Retrieval failure
Retrieval Failure
When an AI system retrieves stale, irrelevant, incomplete, conflicting, or poorly ranked context — often the root cause of bad RAG answers.
What failed
Retrieval failure occurs when an AI system fails to retrieve the right information or retrieves information that is stale, irrelevant, incomplete, conflicting, or poorly ranked. In retrieval-augmented generation systems, retrieval failure is often the root cause of poor answers.
Architecture context
Enterprise search, customer support copilots, knowledge-base assistants, legal and compliance tools, policy bots, sales enablement, analyst workflows, and document summarization systems.
Impact
RAG systems are only as reliable as the context they provide. If the model receives the wrong documents, it may hallucinate, answer the wrong question, cite irrelevant sources, or miss critical policy constraints.
Symptoms
- Retrieved documents do not answer the question.
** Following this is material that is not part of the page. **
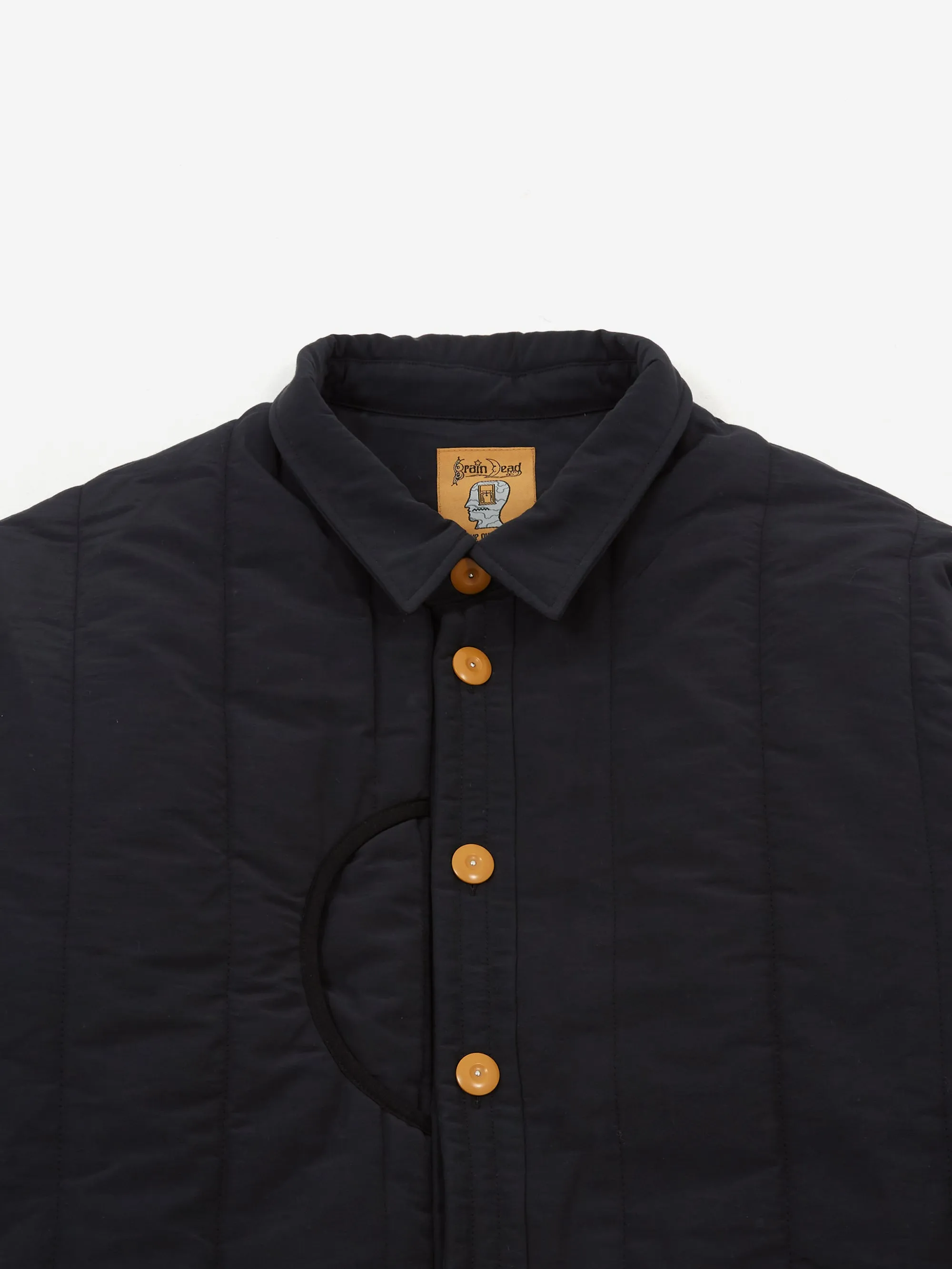 Brain Dead Puffer Button Up Shirt - Navy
- Sources are stale or superseded.
- The model cites irrelevant passages.
- Important documents are missing.
- Conflicting sources are not resolved.
- The model answers from general knowledge instead of retrieved evidence.
Detection signals
- Low relevance score for retrieved passages.
- High answer uncertainty.
- Citation mismatch.
- User corrections about missing documents.
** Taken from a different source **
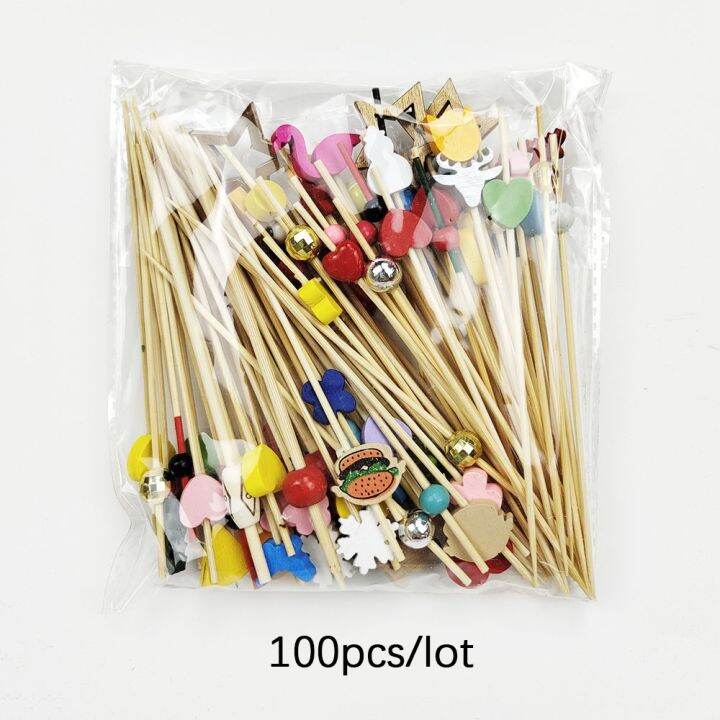 cw-100pcs-disposable-skewers-food-picks-buffet-fruit-fork-dessert-sticks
- Frequent fallback to unsupported claims.
- Stale source usage after updated content exists.
Mitigations
- Improve indexing and metadata.
- Remove or downrank stale documents.
- Add freshness and authority signals.
- Use source filters by workflow.
- Require citations for factual outputs.
- Add retrieval regression tests.
- Alert when high-risk workflows use low-confidence retrieval.